Email released under freedom of information, after more than a year-long delay, included a message at 5:23 p.m. on June 3, 2022 from deputy provincial health officer Dr. Reka Gustafson to provincial health officer Dr. Bonnie Henry and Vancouver Coastal Health chief medical officer Dr. Patty Daly.
“Please find attached a draft information bulletin that we thought we would send out on Monday,” Gustafson wrote.
The headline said “first monkeypox case detected in B.C.”
The previous day, June 2, 2022, a medical microbiologist at the B.C. Centre for Disease Control (BCCDC) forwarded an email from a doctor titled “monkeypox suspected case.”
Dr. Victor Leung said the patient’s symptoms included fever, chills, tinnitus, dizziness, night sweats and a sore throat. The 54-year-old Vancouverite, who had visited Montreal, had been notified at 2 a.m. by one of his sexual contacts that he had tested positive.
The email said the patient was isolating at home after Leung, two registered nurses and one phlebotomist had seen him. Leung reported that they took various nasal, oral, urine and blood samples from the man while following strict contact/droplet/airborne personal protective equipment protocol.
BCCDC epidemiologist Dr. Danuta Skowronski was concerned that the patient’s personal information may have been compromised because of email shared with the Ministry of Health. “I suggest everyone now delete the messages containing this information, unless required,” Skowronski wrote.
“The .gov email addresses are indeed behind the firewall now so that is no longer an issue,” Henry responded. “But of course a reminder to treat confidential information carefully is always good.”
Christine Hogan, the BCCDC medical microbiologist, provided an update before 6 p.m., with a caution that BCCDC testing was “unvalidated and preliminary given have not previously had positive cases.”
Then, just over a half-hour later, she called the initial results “compelling.”
“Seven of the eight tested samples are positive for monkeypox. Interestingly, we also received notice that the patient has in the meantime developed vesicular lesions (or fluid-filled blisters),” Hogan wrote.
On the morning of June 3, 2022, Ministry of Health communications director Clay Suddaby asked Henry if she had been advised of the confirmed case and told her that the Provincial Health Services Authority was working on an information note. Henry confirmed she had been in touch with Minister Adrian Dix about the situation.
“Not yet officially confirmed as that requires testing at [the national microbiology laboratory],” Henry said. “But yes I know the details and am happy to talk to it if needed. I expect we won’t get confirmation until next week. I have updated the Minister as well.”
“If it’s not yet fully confirmed then I don’t think we need to make a statement or do media unless approached,” Suddaby wrote.

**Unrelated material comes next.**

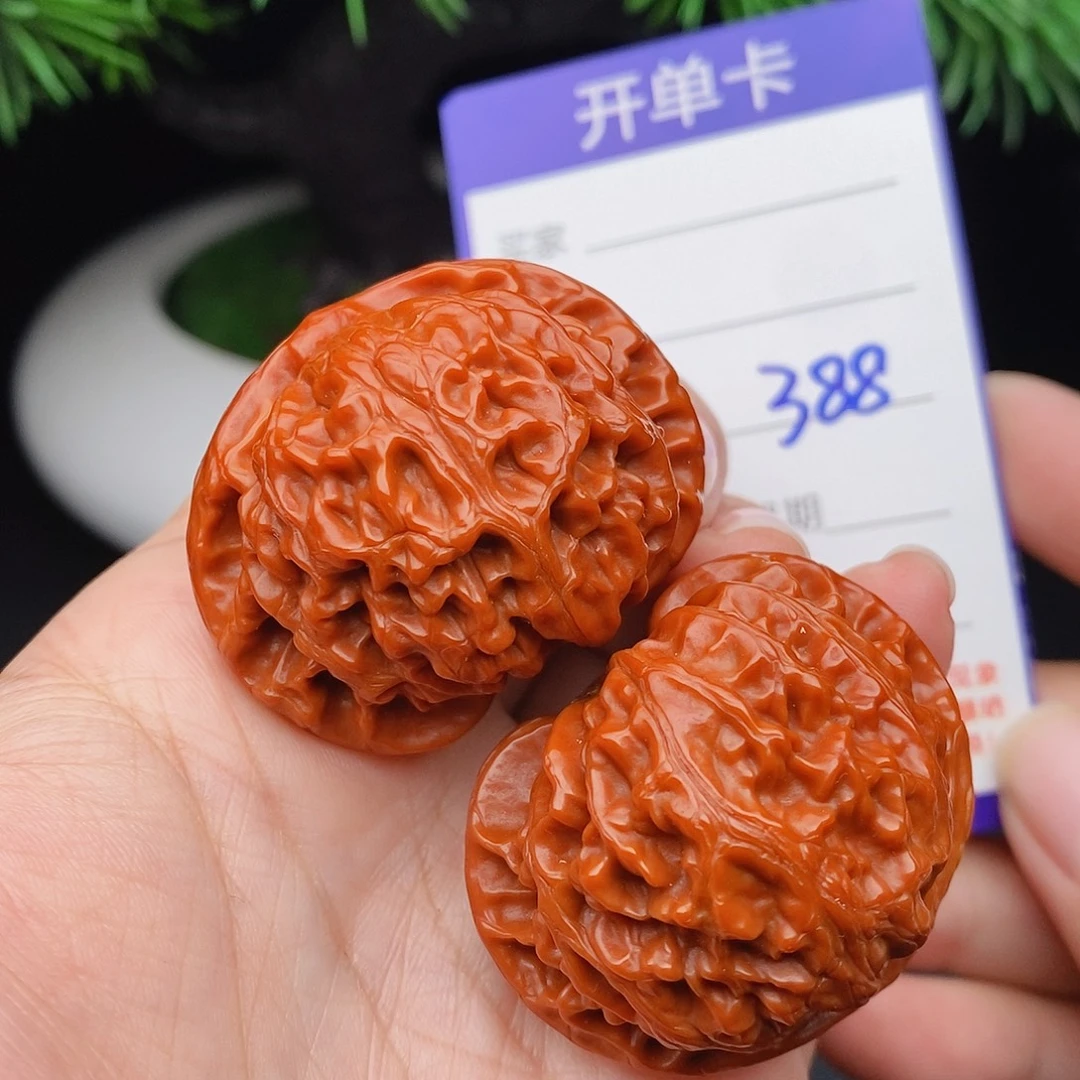 把件文玩核桃41宫灯388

The approach happened June 6 at 7:14 a.m., when a CBC reporter emailed government communications asking about the first case. That unleashed a flurry of activity involving multiple officials from BCCDC, the Ministry and Government Communications and Public Engagement before they issued the news release that Gustafson had drafted three days earlier.

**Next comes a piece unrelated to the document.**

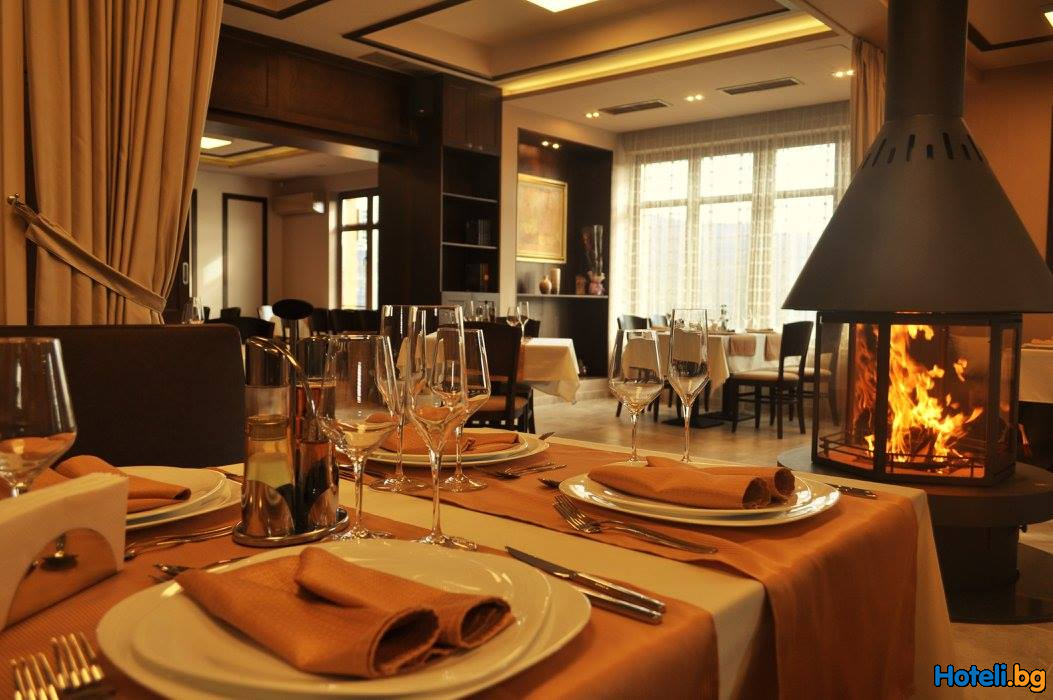 Complex & SPA "AELEA" Zemen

Confirmation was still pending from the national microbiology lab, but the key messages list said the risk to the public was very low and the disease was spread “through contact with sores and items with the virus on them. It can also spread through respiratory droplets during prolonged close contact.”
According to the BCCDC website, there have been 199 confirmed cases of monkeypox in B.C., 159 of them in the Vancouver Coastal Health region. The 2022 outbreak was declared over Jan. 9, 2023 and most cases stemmed from close, intimate contact during sex. A vaccine, called Imvamune, is available to close contacts and those at highest risk.
It is not the first time that the Ministry of Health has delayed telling the public about a spreading disease. On Christmas Day in 2021, the BCCDC lab confirmed the U.K. variant of COVID-19 had been detected in B.C., but the announcement was not made until the day after Boxing Day.
In the 2007 final report of Ontario’s SARS Commission, Judge Archie Campbell recommended public health officials adopt the precautionary principle, to prevent potentially fatal delays.
“The importance of the precautionary principle that reasonable efforts to reduce risk need not await scientific proof was demonstrated over and over during SARS,” said the report.
B.C.’s Freedom of Information and Protection of Privacy Act contains a public interest override clause, that requires a public body to disclose to the public information, without delay, about the risk of significant harm to the health or safety of the public.
A reporter paid the $10 application fee on June 7, 2022, seeking documents about the spread of monkeypox to B.C. The file was finally disclosed last week, after a complaint to the Office of the Information and Privacy Commissioner. The FOI law contains no penalty for a public body that disobeys disclosure deadlines.
In the most-recent thee-year report card on timeliness of FOI disclosures, Information and Privacy Commissioner Michael McEvoy reported in September 2020 that the Ministry of Health was one of the worst performers. Its on-time score fell from 74 to 55 since 2017 and average processing times increased from 51 business days to 65. The Ministry of Health boasts the government’s biggest budget at $28.67 billion this year.